▸ **TO DO**
In the records below, the line that contains "uma vista de" marks the start. Copy it and each line after it through the end, exactly, without pictures.

==========

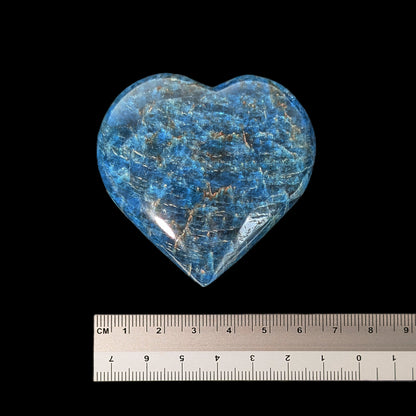 276-03_size_Cœur en apatite bleue — activation du troisième œil & lectures intuitives — M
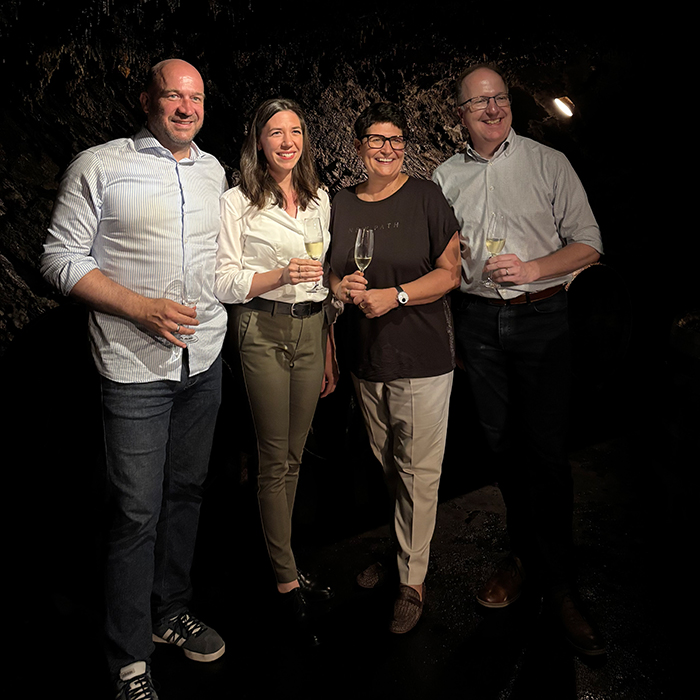 Weinbauministerin Christine Schneider mit ihrem hessischen Amtskollegen Ingmar Jung, Winzerin Carolin Weiler und dem Abgeordneten Ingo Schon
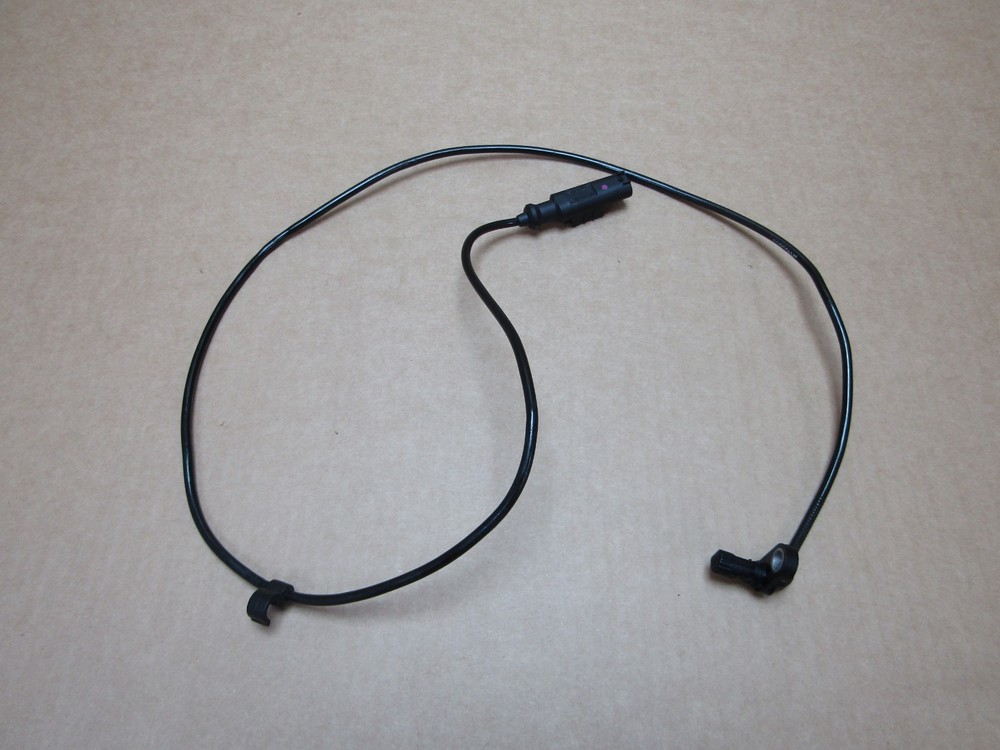 Triumph speed 400 2024 front ABS sensor (15422)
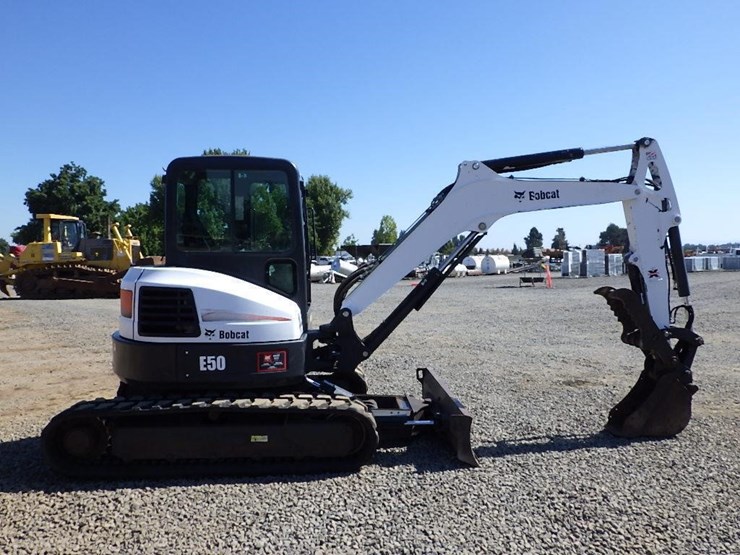 2012-bobcat-e50-image-3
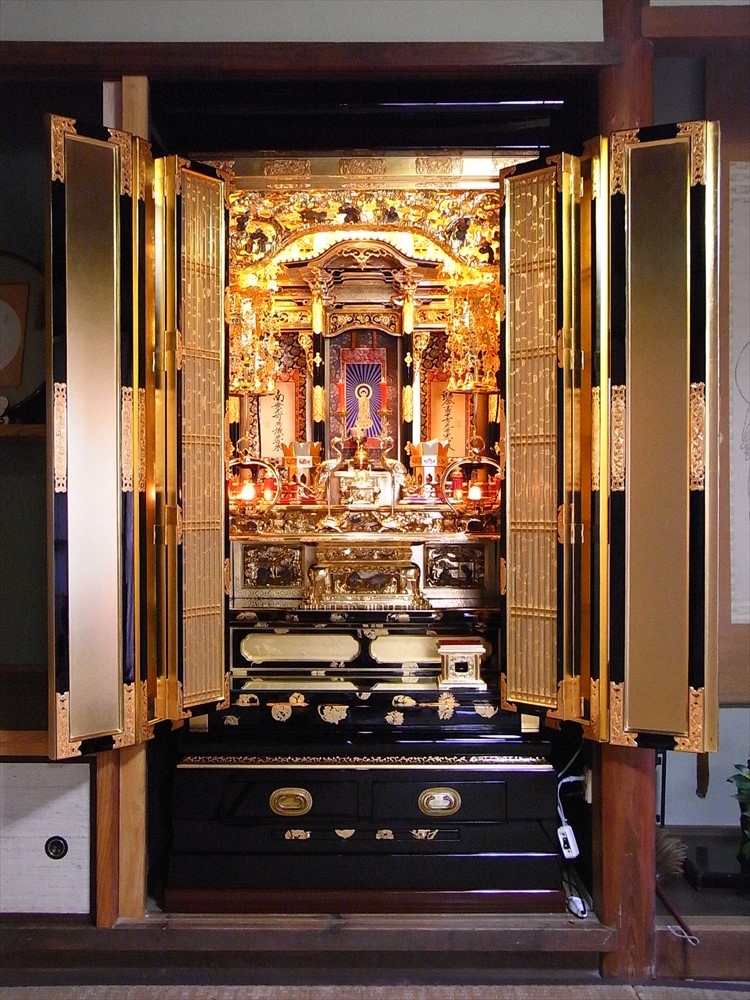 砂川仏檀店 部分修復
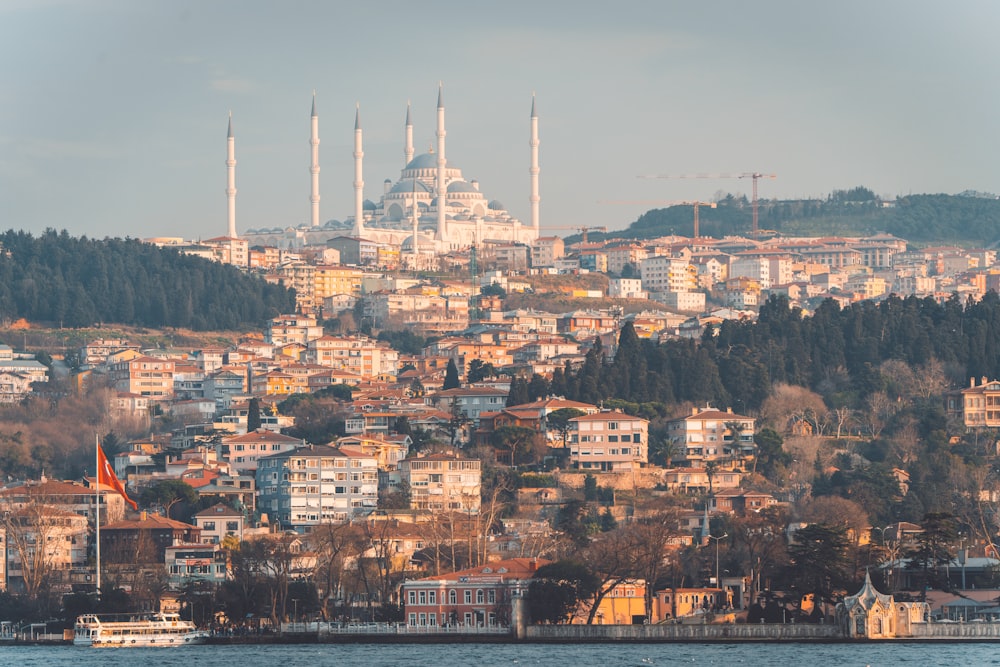 uma vista de uma cidade do outro lado de um corpo de água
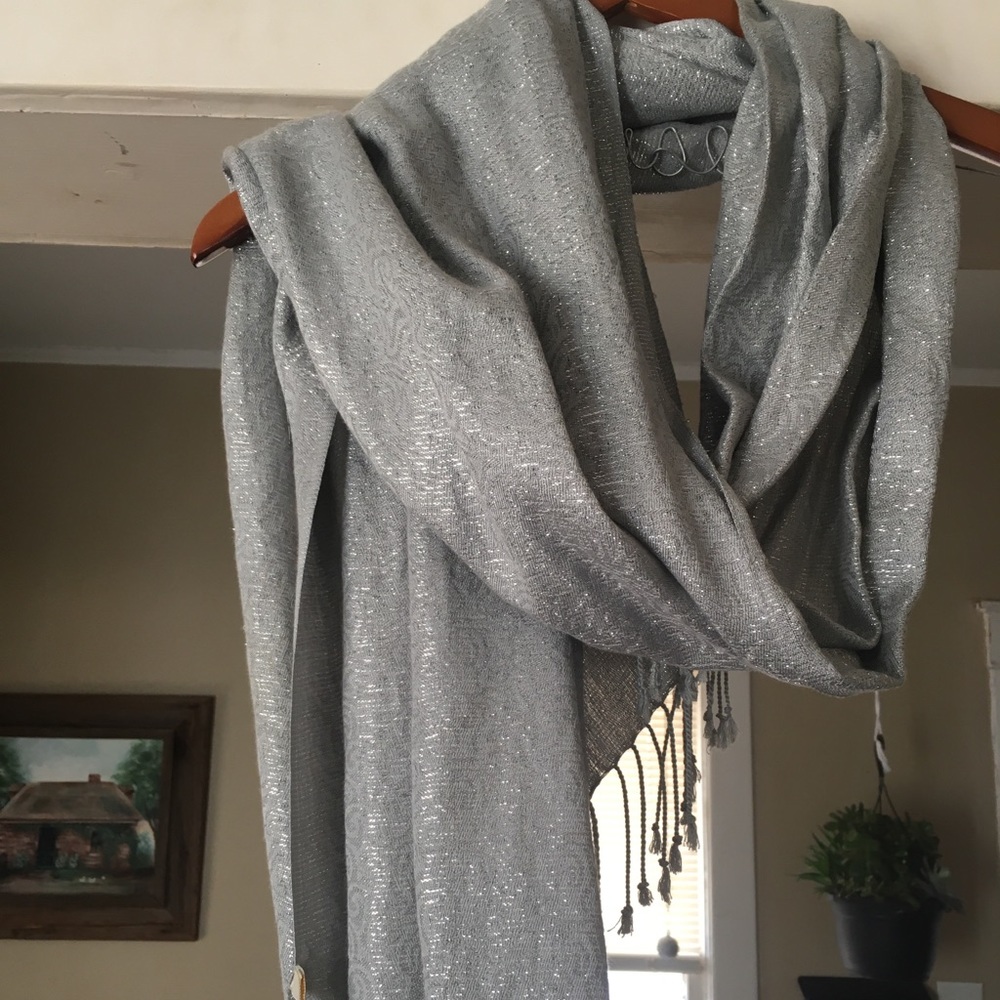 Shiny scarf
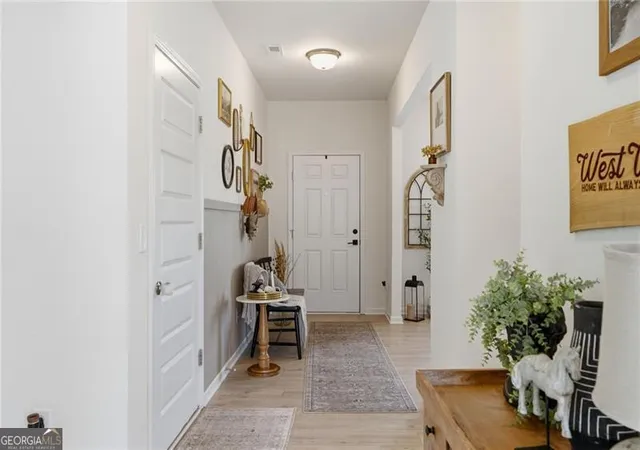 Photo 3 of Single family home for sale at 89 Autrey Dr, Douglasville, GA 30134 | MLS# 10795511 | Listing updated on 2026-09-18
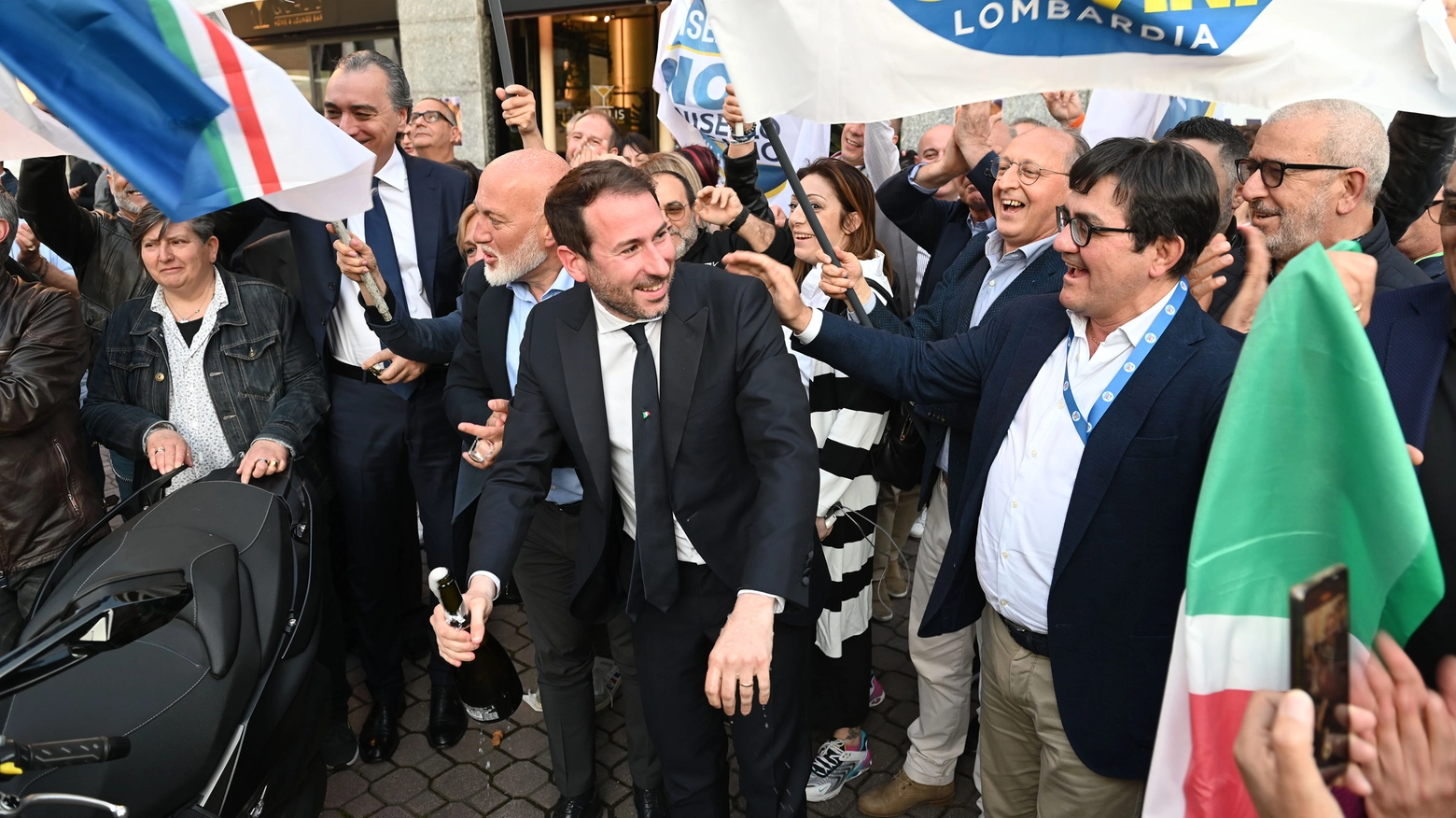 Cinisello Balsamo, plebiscito per il sindaco uscente Giacomo Ghilardi: “Vicino alla gente in ogni istante del mio mandato”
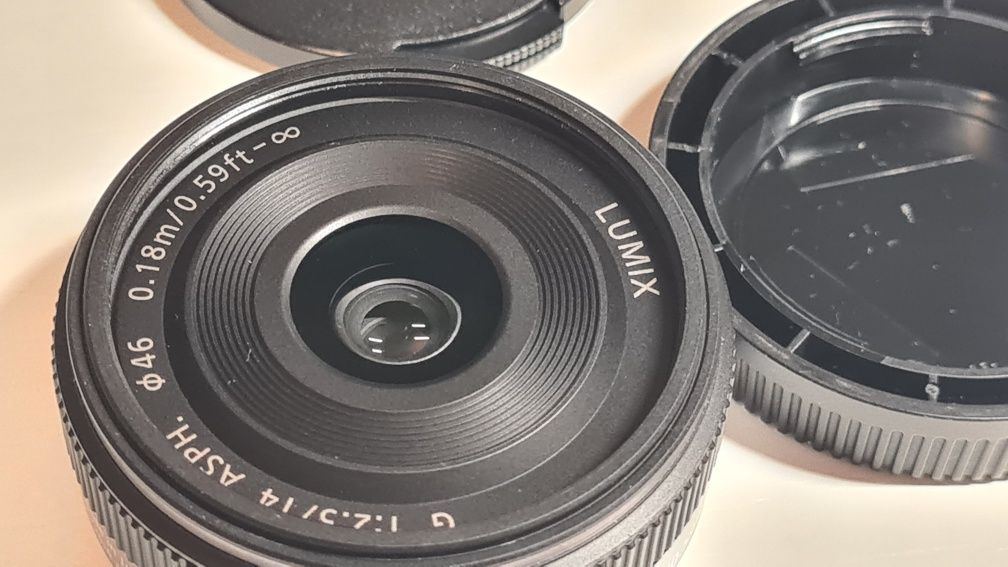 Panasonic Lumix G 14mm F2.5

==========

▸ **WRITTEN SOLUTION**
 uma vista de uma cidade do outro lado de um corpo de água
 Shiny scarf
 Photo 3 of Single family home for sale at 89 Autrey Dr, Douglasville, GA 30134 | MLS# 10795511 | Listing updated on 2026-09-18
 Cinisello Balsamo, plebiscito per il sindaco uscente Giacomo Ghilardi: “Vicino alla gente in ogni istante del mio mandato”
 Panasonic Lumix G 14mm F2.5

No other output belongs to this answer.